Hoy Jesús viene a decirnos que él está feliz porque son los pequeños, aquellos que se atreven a descubrir quién es Dios, los que reciben la revelación. Y esto, creo, son los que tienen un corazón abierto a la novedad del Señor, los que están convencidos que no lo saben todo y que jamás podrán abarcar al Señor, por completo, con su pensamiento e inteligencia. Sin embargo, los que de alguna manera se saben sabios, corren el riesgo de cerrarse a todo lo nuevo que supone tener la experiencia de Dios en sus corazones.

El cuento de Eduardo Galeano, más allá de hablar de pobreza material, nos dice, entre otras cosas, que los pobres son aquellos que están cerrados al mundo, a lo nuevo y que no quieren ver. Y se me ocurría que es lo que Cristo quiere decirnos hoy: Él se dará a conocer, se revelará, a los que estén dispuesto a no encerrarse, a salir al encuentro, a abrazar la novedad. Y esos son los pequeños, los que saben que no lo saben todo, aunque sepan muchas cosas, incluidas las de Dios, y se parecen a la niña del cuento que tiene la mejor edad para asomarse al mundo y ver.

Con esto no vamos a decir que nos estamos refiriendo al estado de niños, sino a la actitud de quien entiende que tiene mucho por aprender, en este caso, quién es Dios. Y esto quiere decir que tenemos que buscar y experimentar al amor del Señor, cosa que se vive en el corazón, no sólo en la captación del intelecto. Y Jesús quiere que experimentemos lo que él vive con su Padre. Eso no viene por cumplir a rajatabla los preceptos, sino por tener, realmente, a Dios con nosotros.

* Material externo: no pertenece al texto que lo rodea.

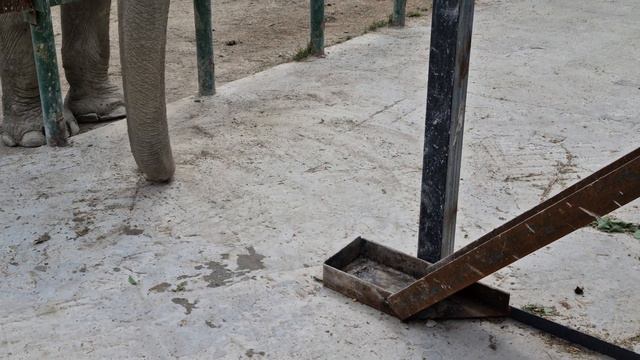 Магда угостилась огурчиками) Тайган смотреть онлайн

Amar a Dios, sentir su amor y amar, verdaderamente, al prójimo, al hermano, es una carga más ligera que sólo ser cumplidor de normas y leyes de una institución. Si estamos abocados más a esto último, entonces tenemos una gran carga y más bien estamos cerrados a la experiencia de Dios. Si en cambio nuestra actitud y esfuerzo van en dirección a querer vivenciar a Dios y su amor, nos sentiremos mas libres, más livianos. Tal vez como ejemplo nos sirva pensar cómo nos sentimos cuando hay que «cumplir» con un aporte económico para el sostenimiento de la Iglesia (cuestión necesaria más allá de un precepto), a diferencia  de cómo nos sentimos cuando, sin importarnos la cantidad, efectivamente damos algo y vemos que levantamos a alguien que está caído y desvalido. Lo primero puede surgir de un acatamiento y una razón, lo cual más bien supone una carga. Lo segundo es más de sentir el sufrimiento del otro, lo cual me eleva a los sentimientos de Jesús y a la experiencia del amor de Dios.

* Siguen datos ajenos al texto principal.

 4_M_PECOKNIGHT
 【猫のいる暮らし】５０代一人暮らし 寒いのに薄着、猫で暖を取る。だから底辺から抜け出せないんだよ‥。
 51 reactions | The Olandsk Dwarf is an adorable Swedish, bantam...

Y si queremos pensar en que Jesús es el que aliviana nuestras cargas, es decir, nuestros sufrimientos, nuestros problemas, seguimos hablando en la misma línea. Experimentar la entrañable misericordia de Dios, más allá de ritos y cultos, nos da luz, esperanza, alegría, fuerzas, sentimos que somos capaces de volver a volar, que todo es posible. Pero para esto habrá que ser suficientemente niños, pequeños, humildes de corazón, abiertos a la novedad de Dios. Porque si creo que ya me las sé todas, no queda espacio para el Señor. Los soberbios, orgullosos, engreídos, tienen muchas más dificultades para llegar a lo que Jesús quiere revelar: Dios y su amor.